To do
Once the line with "Calendrier de l'avent" is found, write it out along with each later line exactly, through the end of the entries, skipping every picture.

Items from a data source
····················

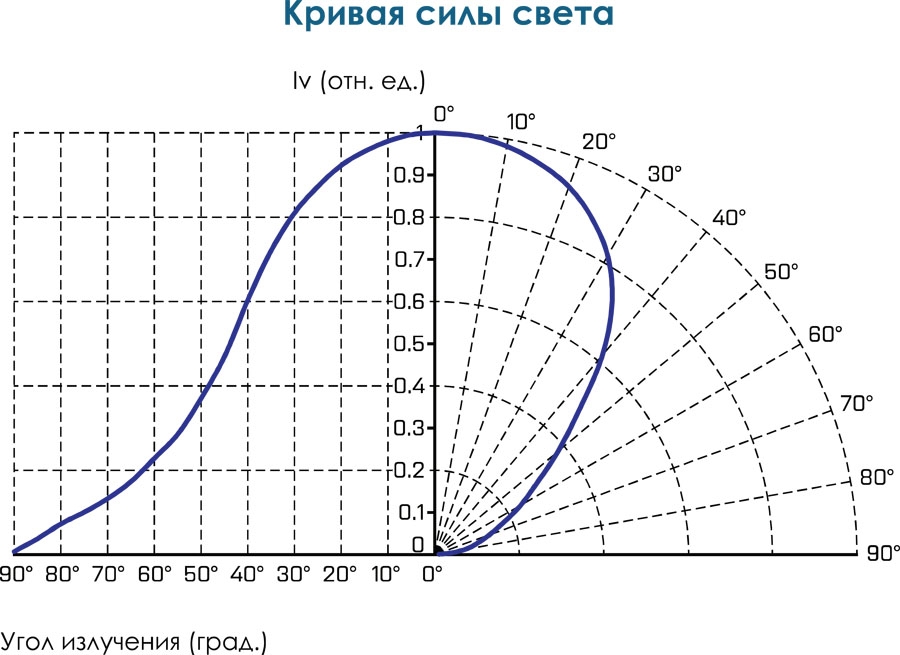 Кривая силы света О2-Люм-3400-P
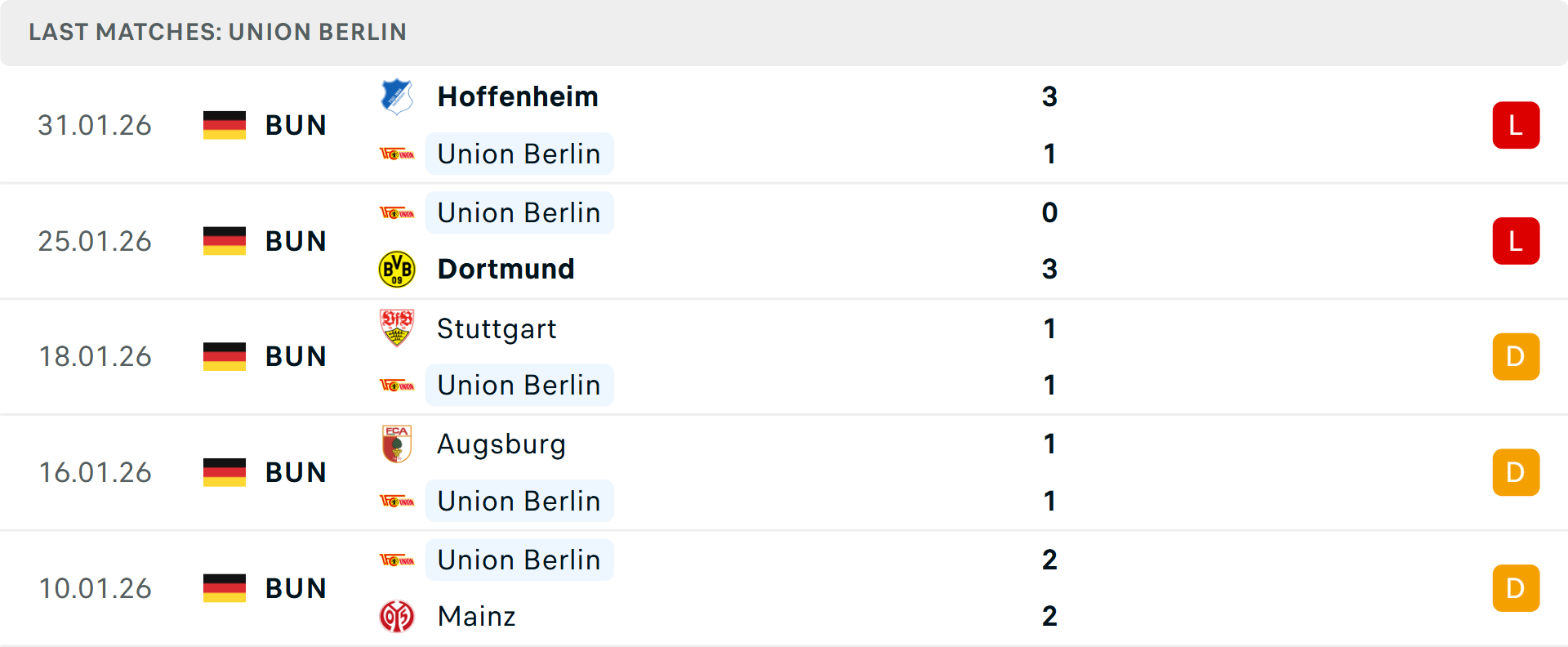 Phong độ Union Berlin 5 trận gần nhất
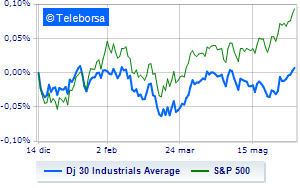 Toned Wall Street Focus on the Fed after inflation falls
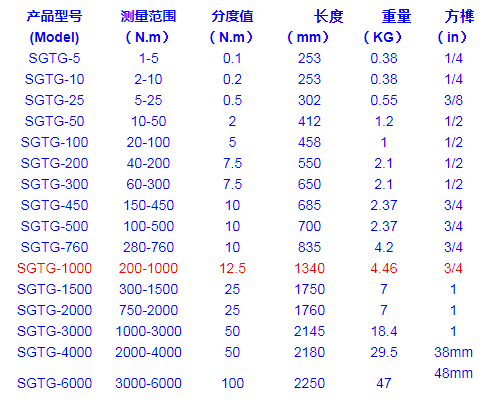 可自動復位扭力扳手規格型號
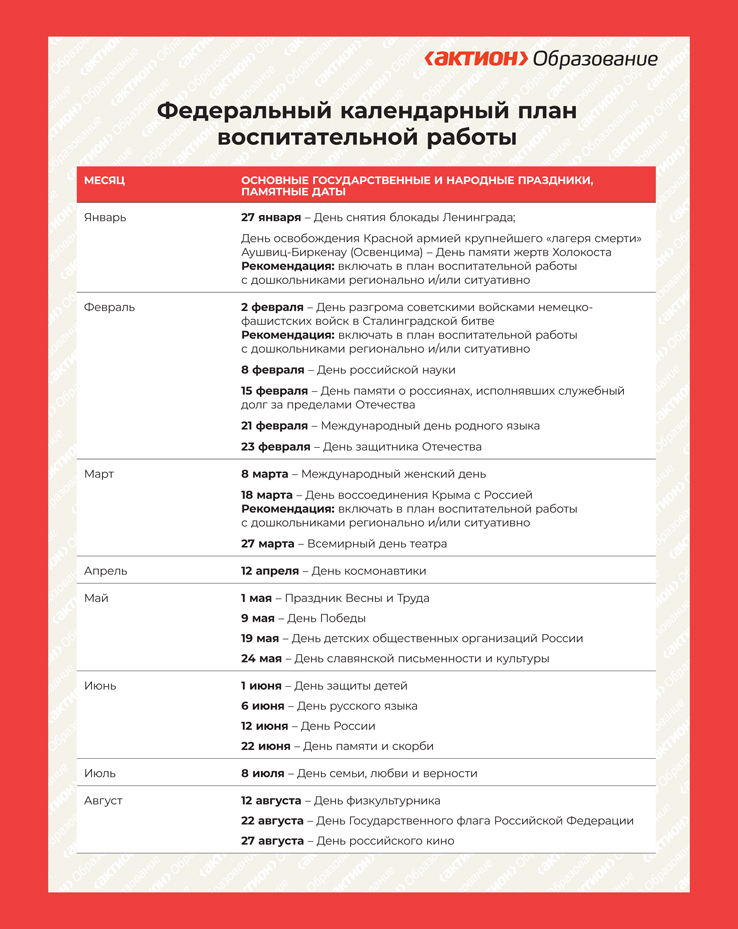 Федеральная рабочая программа воспитания и федеральный календарный план воспитательной работы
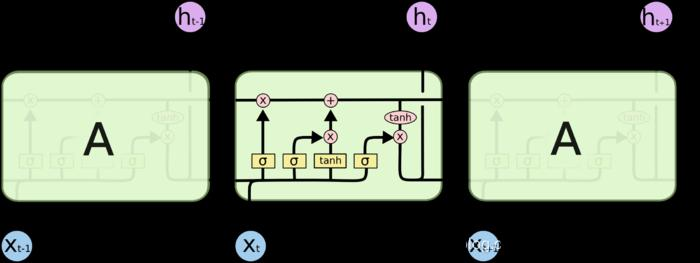 循环神经网络，LSTM，GRU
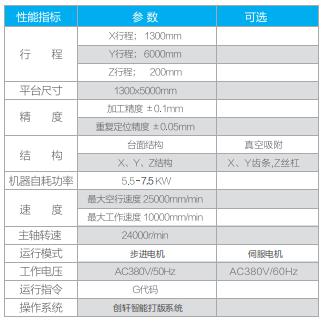 全自動(dòng)板材切割機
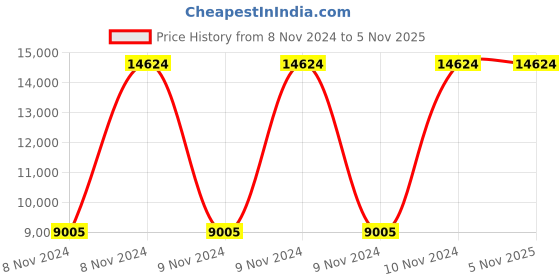 moglix.com Atalso 1.5 &a; 2 Litre Stainless Steel Regular Tri Ply Cooker Combo (Pack of 3) atalso Price History Graph from 8 Nov 2024 to 5 Nov 2025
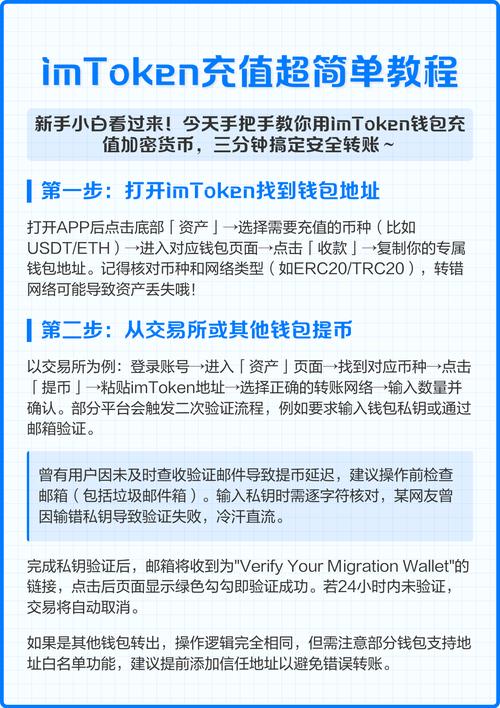 imToken钱包里这样搞清风险 小白也能避坑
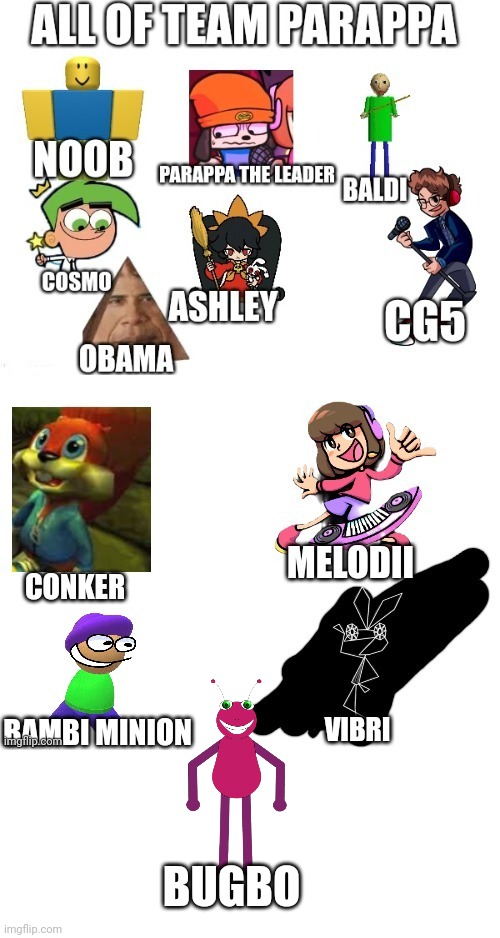 Team_Parappa #4 Blank Meme Template
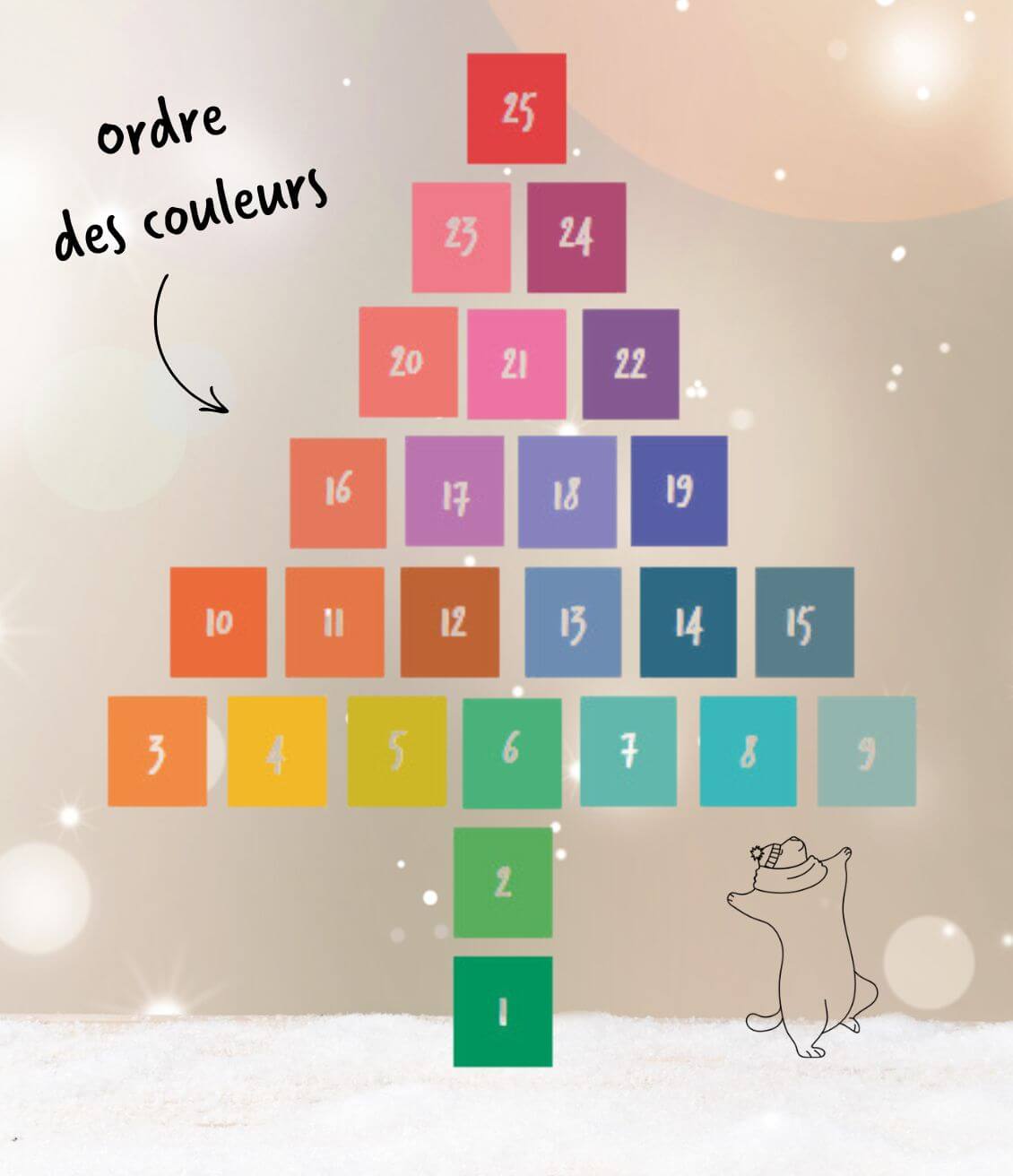 Calendrier de l'avent thés à faire à la maison au dernier moment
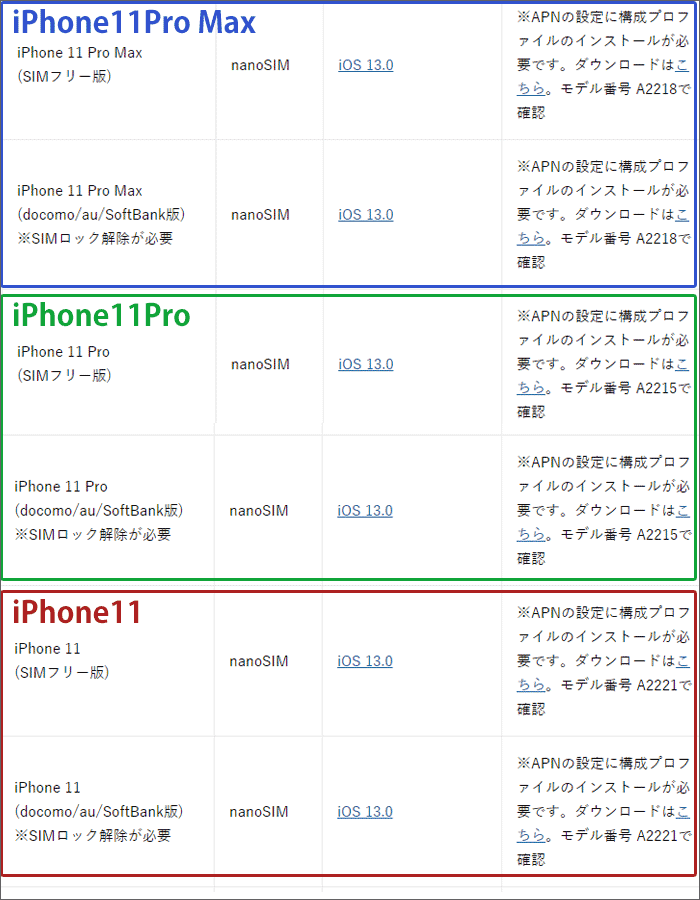 ワイモバイルにおける、iPhone11/Pro/Pro Maxの動作確認表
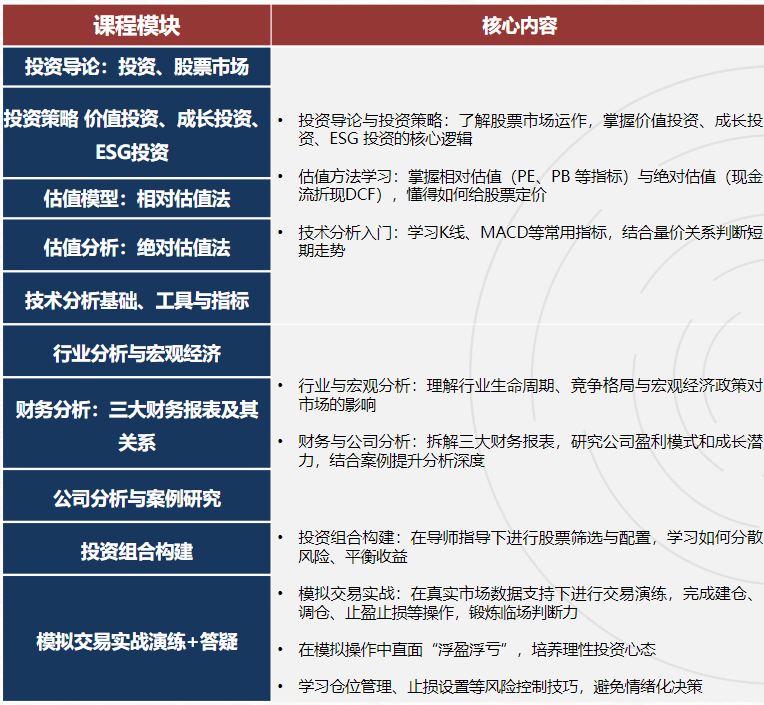 7年级开始就可以参加的商赛 SIC备赛需要哪些技能？国际生家长必看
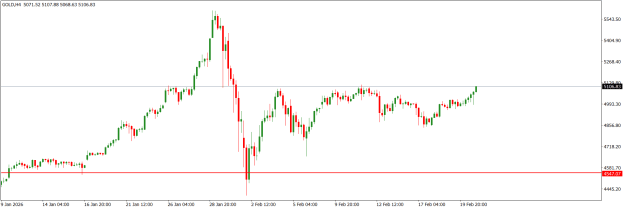 Click to Enlarge

Name: GOLDH4.png
Size: 12 KB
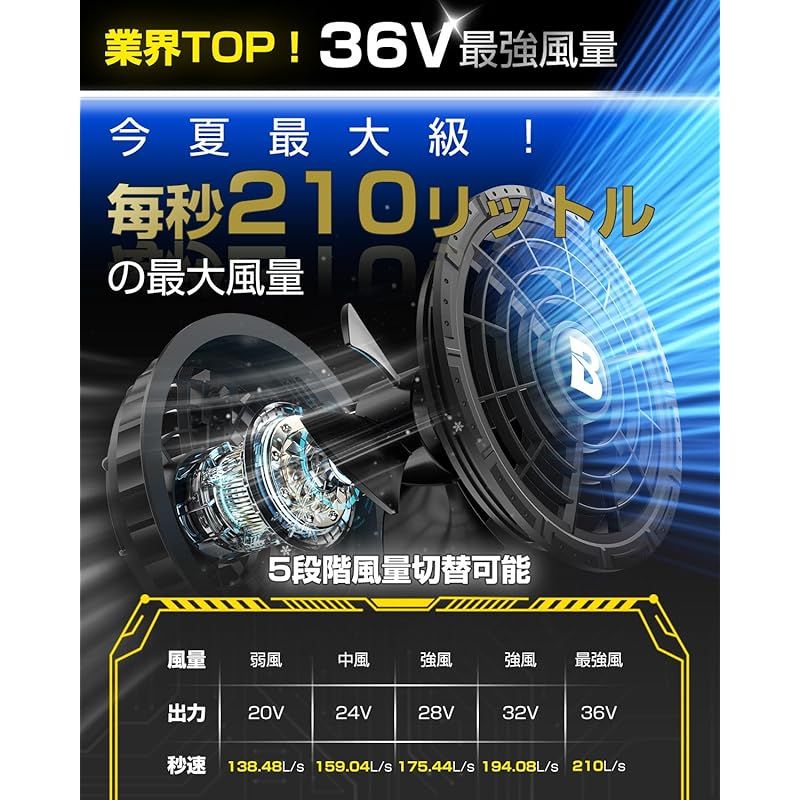 30000mAh 36V超高出力 空調作業服 ファンバッテリーセット 2025最強爆風 体感-18℃ 30000mAh 36V超高出力 空調作業服 ファン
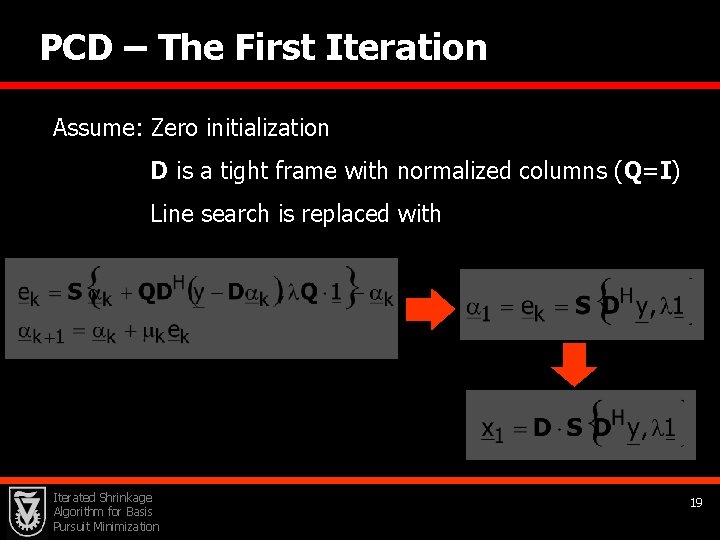 PCD – The First Iteration Assume: Zero initialization D is a tight frame with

····················

Output of the exercise
 Calendrier de l'avent thés à faire à la maison au dernier moment
 ワイモバイルにおける、iPhone11/Pro/Pro Maxの動作確認表
 7年级开始就可以参加的商赛 SIC备赛需要哪些技能？国际生家长必看
 Click to Enlarge

Name: GOLDH4.png
Size: 12 KB
 30000mAh 36V超高出力 空調作業服 ファンバッテリーセット 2025最強爆風 体感-18℃ 30000mAh 36V超高出力 空調作業服 ファン
 PCD – The First Iteration Assume: Zero initialization D is a tight frame with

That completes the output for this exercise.